La notizia è stata accolta con fiducia, invece, da molti esperti di strutture multidisciplinari orientate allo sviluppo economico. Creare una sinergia tra direzioni generali, in armonia con l’Agenda ONU 2030 e gli impegni post Accordi di Parigi del 2015, potrebbe essere una opportunità per la leadership in ricerca e innovazione della UE nel mondo. Su questo versante si sostiene anche che si tratti di un segnale da parte dei policy maker, che, concentrando diverse aree strategiche, mirano a una riduzione dei costi amministrativi e del personale.

Ammesso che il solo accorpamento di due deleghe in una significhi necessariamente una diminuzione sostanziale dei costi, rimane la questione che riguarda l'effettiva limitazione di contenuti non certo di poco conto.

Secondo alcuni osservatori, questa scelta è motivata dal fatto che la scienza in Europa sia già eccellente, per cui gli investimenti pubblici europei dovrebbero privilegiare la ricerca applicata e l’innovazione in sinergia con l’industria, anziché puntare a uno sviluppo equilibrato di ricerca e innovazione. Se questa fosse la chiave di lettura, l'aumento proposto del budget globale della Commissione potrebbe, nondimeno, comportare riduzioni su Horizon Europe, il nuovo programma di sostegno alla ricerca della UE per il quale si era parlato di un investimento in crescita, vicino ai 100 miliardi di euro. Occhi puntati quindi sulle prossime mosse della Commissione: la ricerca potrebbe subire una diminuzione dei finanziamenti, che genererebbe un freno al progresso comune.

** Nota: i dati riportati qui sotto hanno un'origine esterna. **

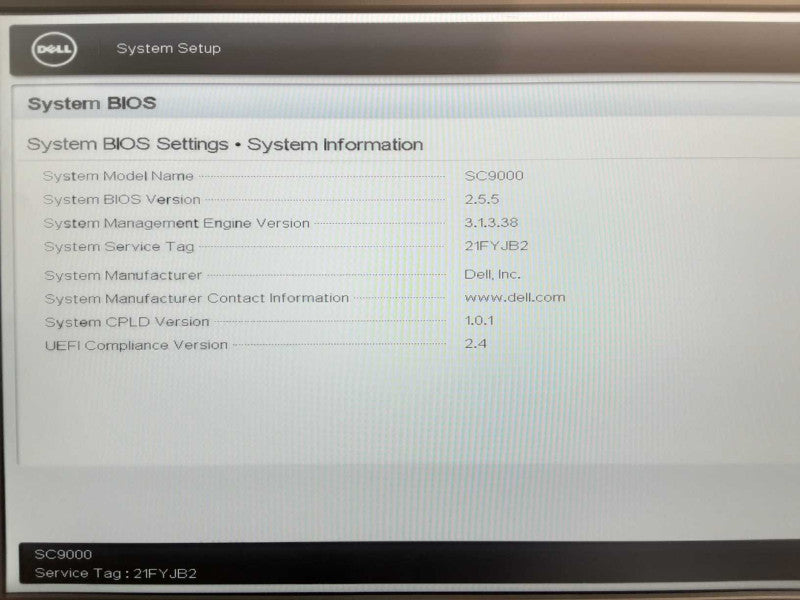 Dell Storage SC9000, 2x Xeon E5-2667v3 3.2GHz 8C, 128GB DDR4, 2x PSU _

Già da tempo in Europa sentiamo parlare di “missions”, grandi obiettivi raggiungibili solo se perseguiti mediante una stretta collaborazione tra il settore industriale e quello della ricerca scientifica. E, a poco a poco, il paradigma si è ridotto alla collaborazione tra industria e ricerca “applicata”, fino a concentrare le risorse sulla fruizione dei risultati della ricerca, senza preoccuparsi di sostenerne la produzione. Probabilmente, risulterebbe tutto molto semplice, se questo bastasse per raggiungere risultati innovativi. Ma i concetti di innovazione e di progresso sono più complessi. Il rischio è che l'Europa, e non solo, si stia concentrando su una visione semplificata del nesso ricerca-sviluppo. Per contrastare il rischio di un'Europa arida e sovranista, ci si aspetterebbe invece un rilancio di cultura, scienza e istruzione. Senza questi motori, l'innovazione rischia di girare a vuoto.